Classification of integrals not expressible in elementary functions?

Question

Let's consider the smallest set of functions (with real coefficients) closed under addition, multiplication, division, root extraction, and finite compositions containing

• constants
• exponential and logarithmic functions
• trigonometric functions and their inverses

This set is generally known as "elementary functions". It is known that they are closed under all algebraic operations and differentiation, but not closed under inversion and not closed under integration (+infinite sums).

I am wondering if there is any classification, with a proof, of indefinite integrals (antiderivatives) not expressible in elementary functions. If so, we can introduce a minimal number of special functions to integrate elementary functions (once, not repeatedly).
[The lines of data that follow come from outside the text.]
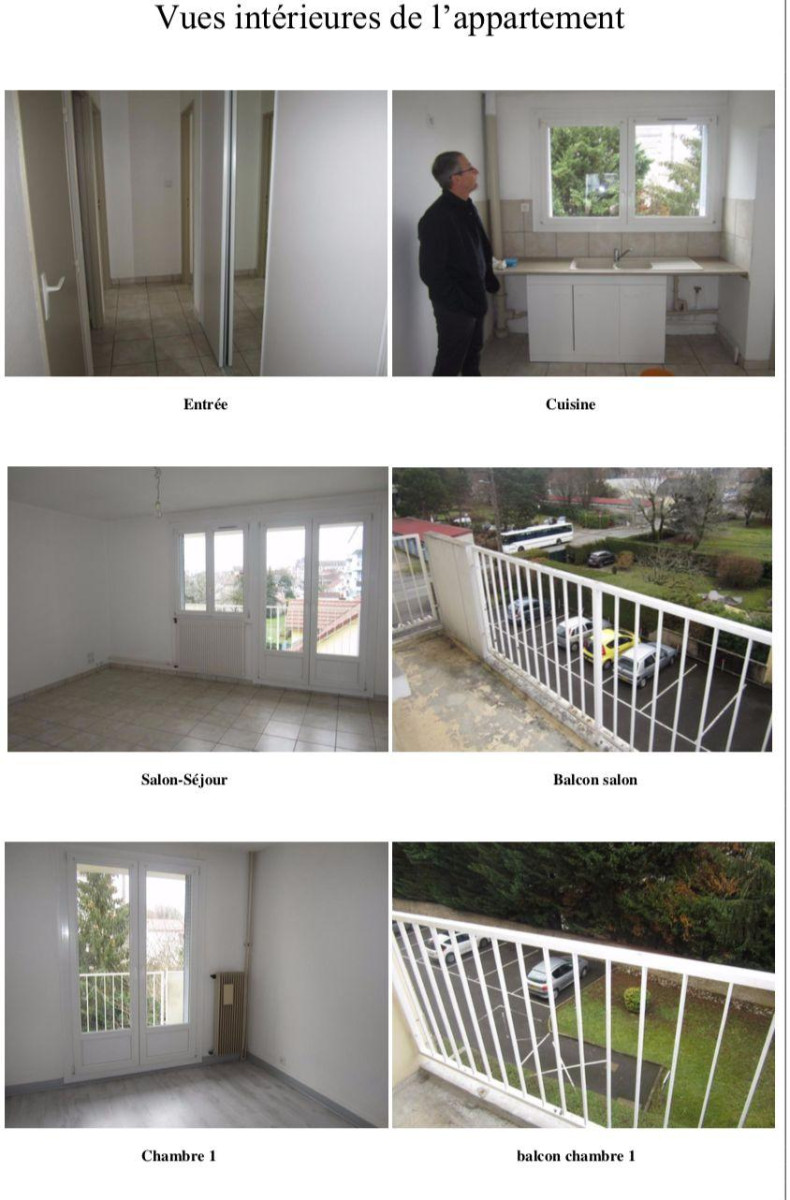 
                                                Location
                                                 A louer Bel appartement lumineux 3 pièces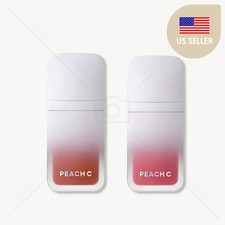 [Melocotón C] Tinte de filtro borroso x2, tonos efecto desenfoque suave K-Beauty para adolescentes, REGALO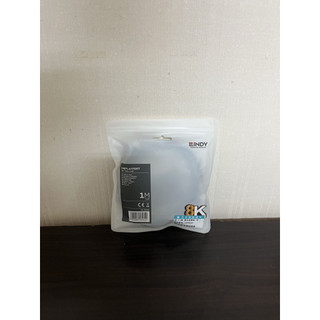 【二手】LINDY ANTHRA DisplayPort 1.4版 公to公 傳輸線 1m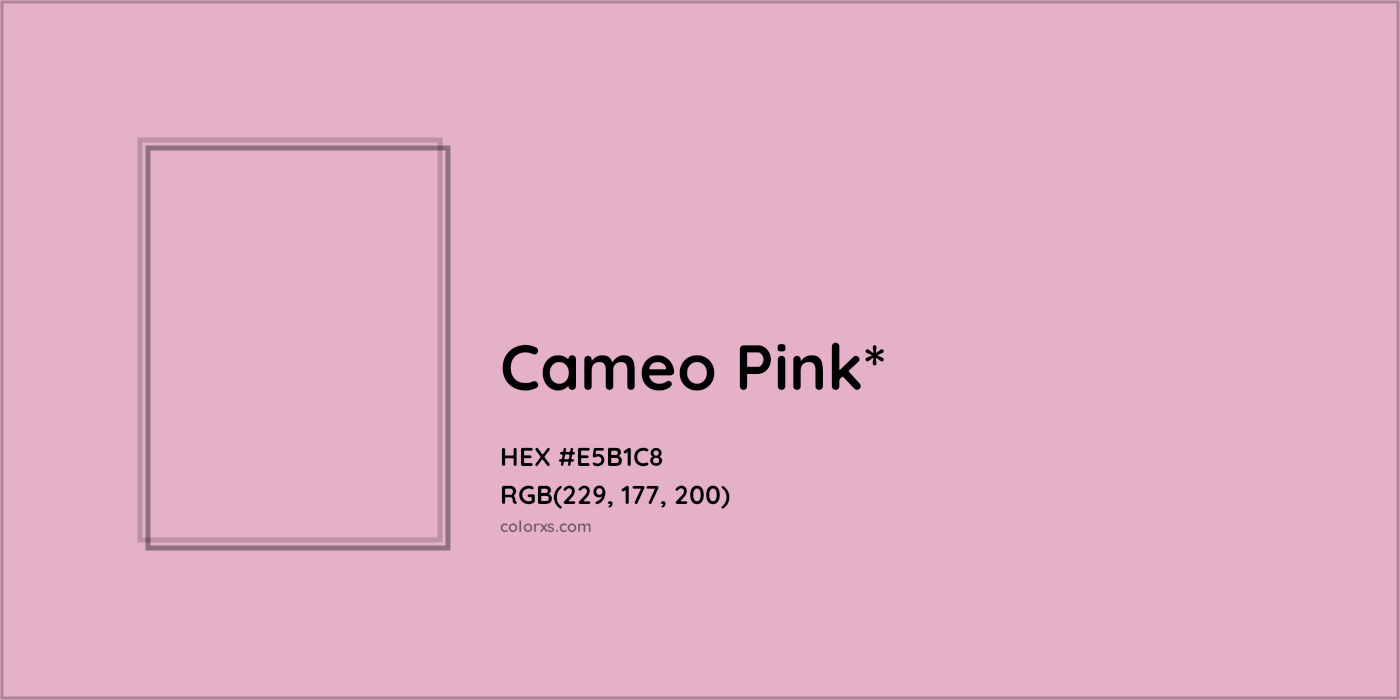 HEX #E5B1C8 Color Name, Color Code, Palettes, Similar Paints, Images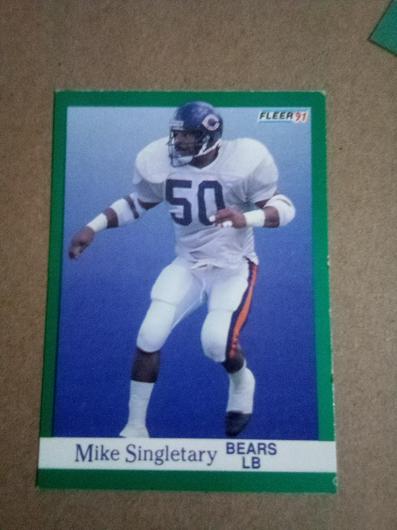 Mike Singletary #225 photo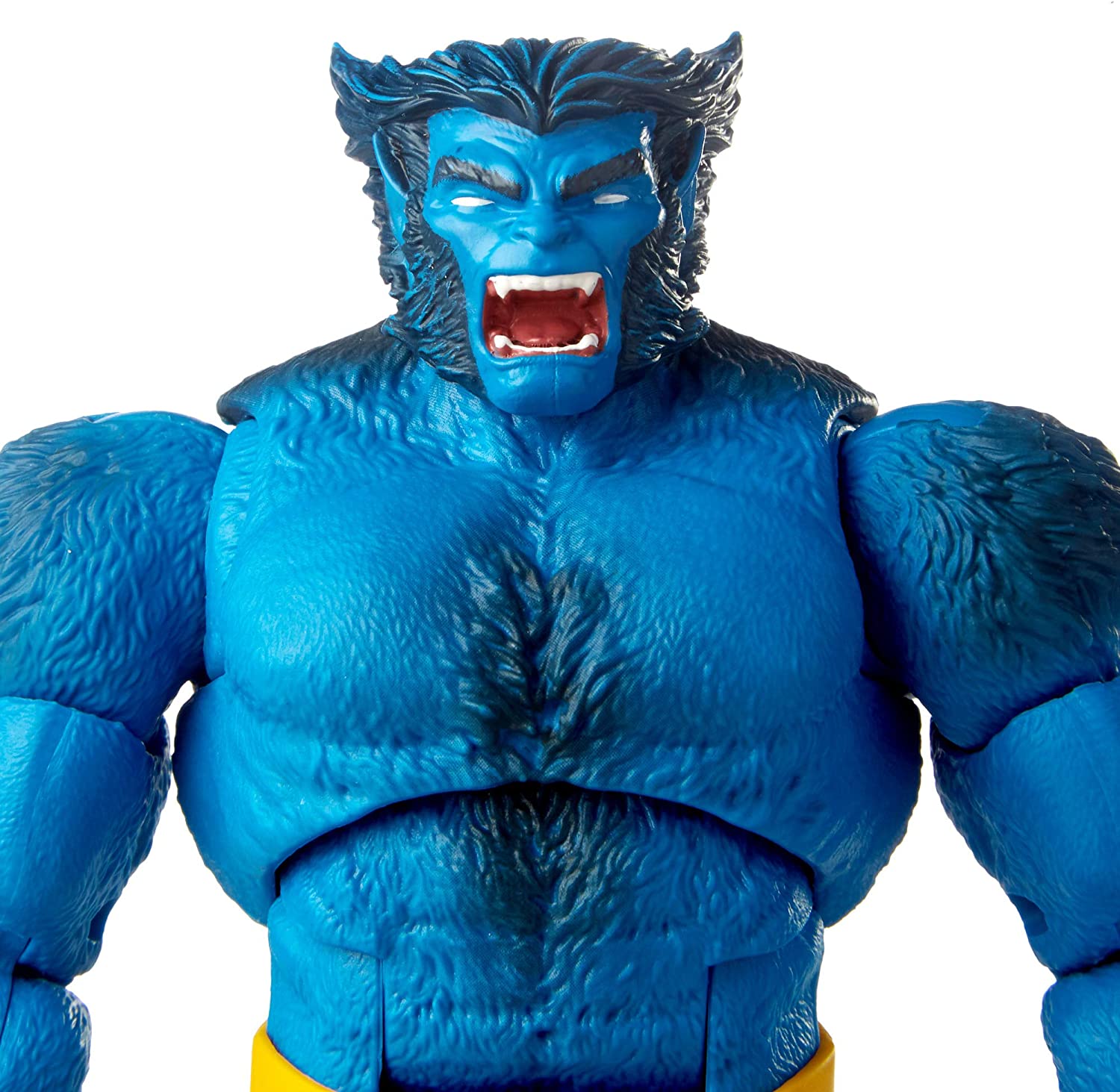 Marvel Infinite Series Marvel's Beast Figura de 3.75 pulgadas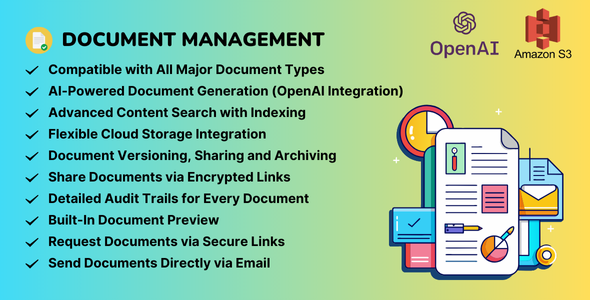 AI-Powered Document Management v5.3.2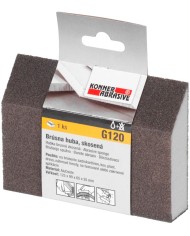 Huba KONNER G120, brúsna špongia, 125x90x65x25 mm, skosená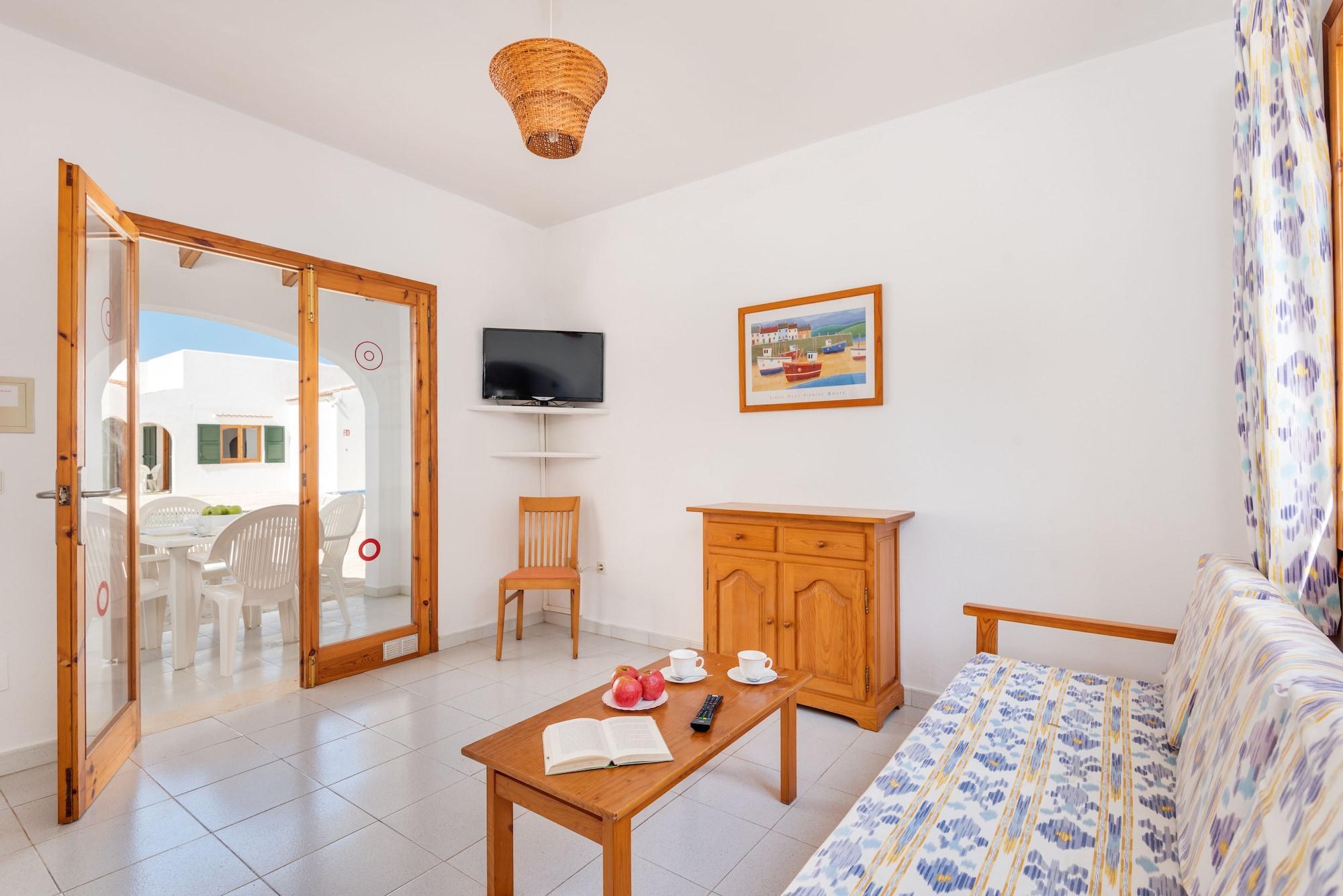 Апартаменти Casas Menorquinas Кала-Бланка Екстер'єр фото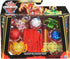 Bakugan Battle 5-Pack, Special Attack Bruiser, Dragonoids, Hammerhead, Nillious; Customizable, Spinning Action Figures, Kids Toys for Boys and Gir...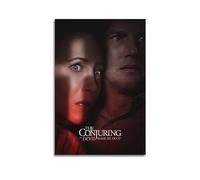 VZRSQZK The Conjuring 3 Movie Poster Poster Decorative Painting Canvas Wall Posters And Art Picture Print Modern Family Bedroom Decor Posters 16x24inch(40x60cm)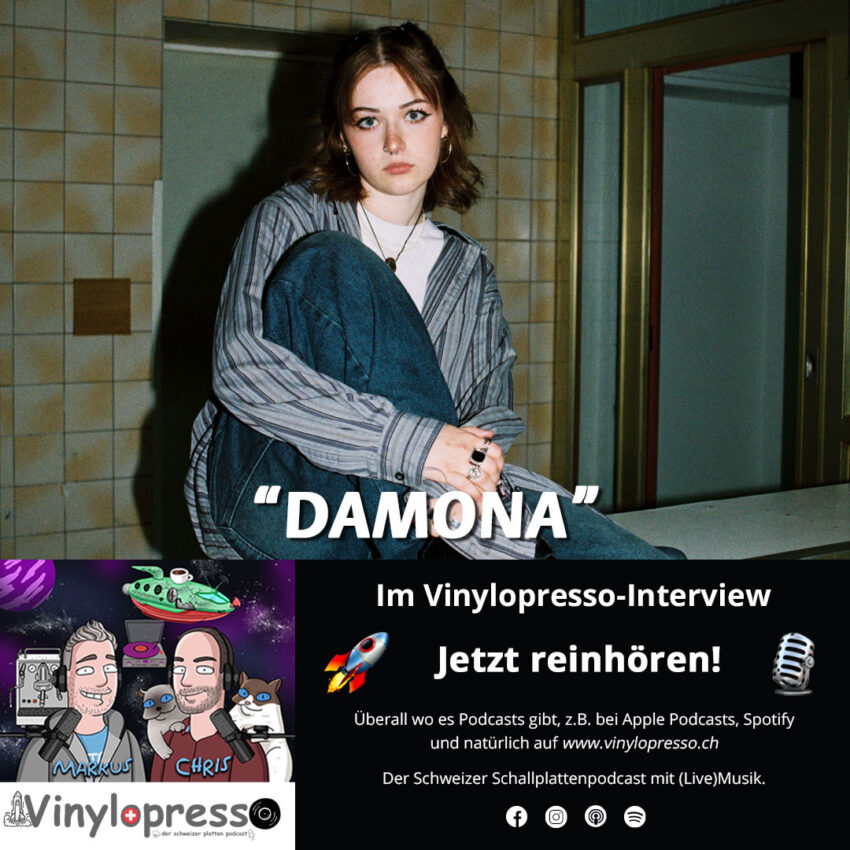 DAMONA Vinylopresso Podcast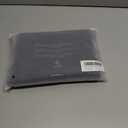 ODODOS 2-Pack Full Length High Waist Workout Leggings with Pockets for Women, 28" Tummy Control Athletic Yoga Pants, Black+Purple Taupe, X-Large (XL)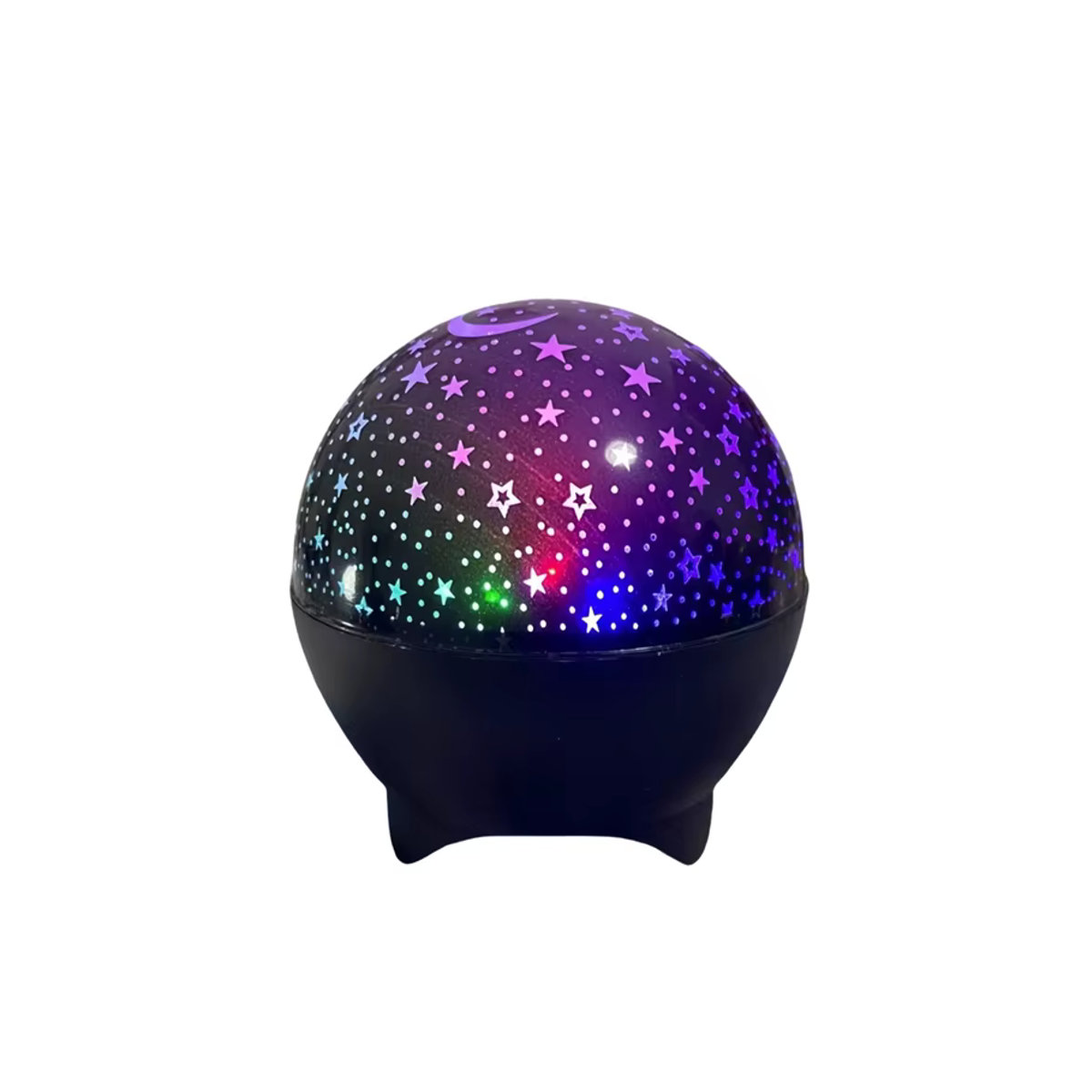 LINYILIGHT Mini-Nachtlampe mit RGB LED Sternenhimmel Mond und Galaxie Projektion in Bunt - Bild 6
Also, I am not sure about the appropriate tags for this question that are capable of attracting people specialized in related areas. You are welcome to edit accordingly.

Answer 1

You are talking about 'differential galois theory' or 'the galois theory of (linear) differential equations.' A quick glance at "filter" didn't seem to show any appropriate tags.You could start by looking up those terms in Wikipedia where you will find a bibliography with several fairly recent books.

Answer 2

Just as in classical Galois theory one can classify exactly when a root can be written in terms of the 'elementary' operations $+,-,*,/,\sqrt[n]{}$, once can use Differential Galois theory to analyze when various solutions to differential equations can be written in terms of elementary functions. Since indefinite integration and solving differential equations are equivalent, this allows us to prove when an elementary antiderivative does not exists. For example, this paper proves that the Gaussian is such a function.